'''

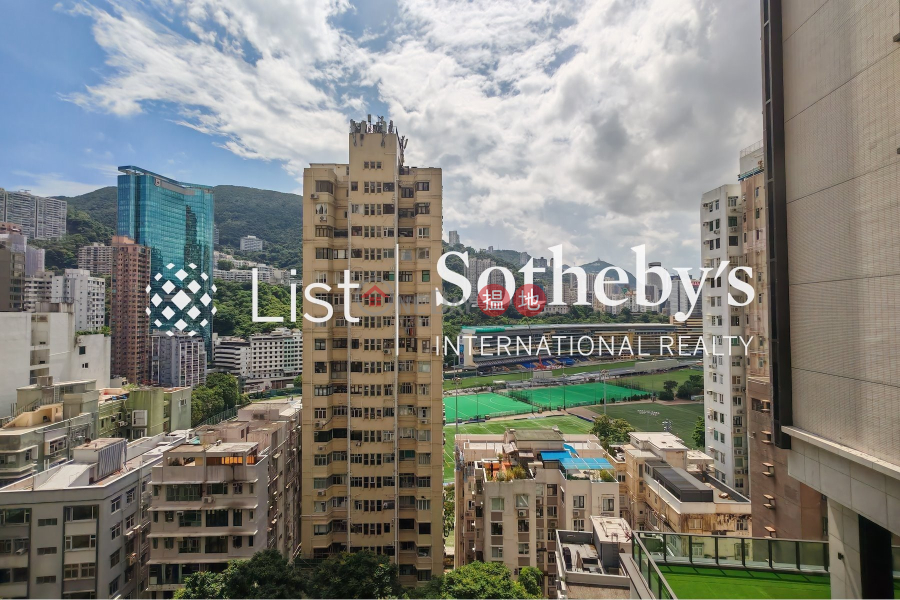 HK$ 30M | Ventris Place Wan Chai District, Property for Sale at Ventris Place with 3 Bedrooms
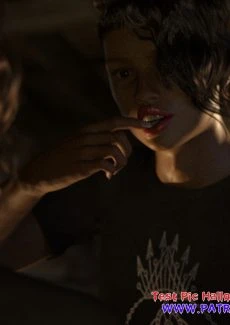 Haunted Basement (16)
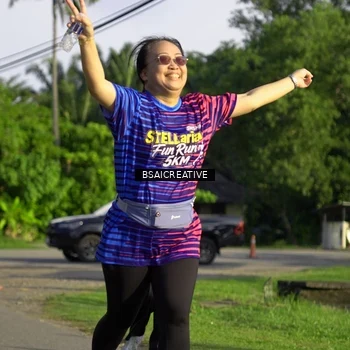 Runner Photo 8031236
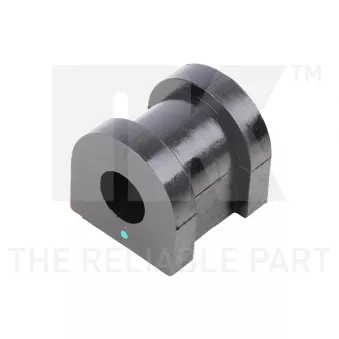 Suspension, stabilisateur NK 5101945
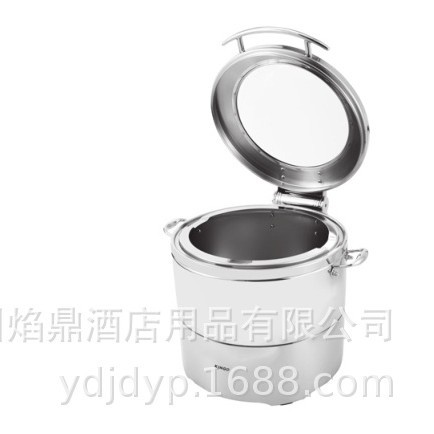 KINGO���󾫹� ����Jϵ��������¯����¯�ָǲ����ǳ���ֱ���ؼ�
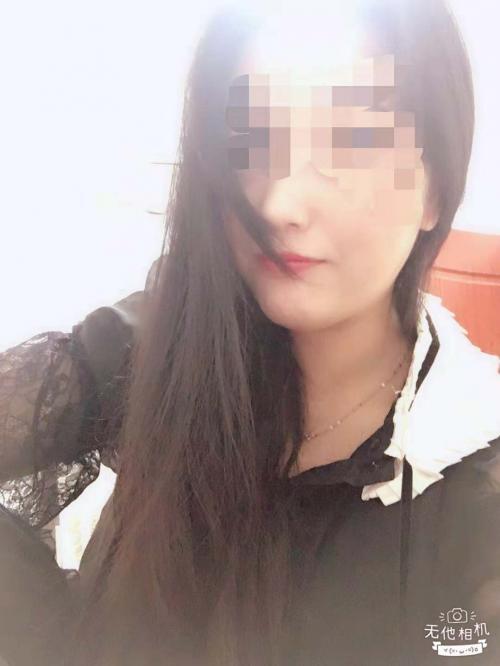 白云区少妇化蝶 第1张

'''

After removing the pictures, transcribe the listing above exactly.

 HK$ 30M | Ventris Place Wan Chai District, Property for Sale at Ventris Place with 3 Bedrooms
 Haunted Basement (16)
 Runner Photo 8031236
 Suspension, stabilisateur NK 5101945
 KINGO���󾫹� ����Jϵ��������¯����¯�ָǲ����ǳ���ֱ���ؼ�
 白云区少妇化蝶 第1张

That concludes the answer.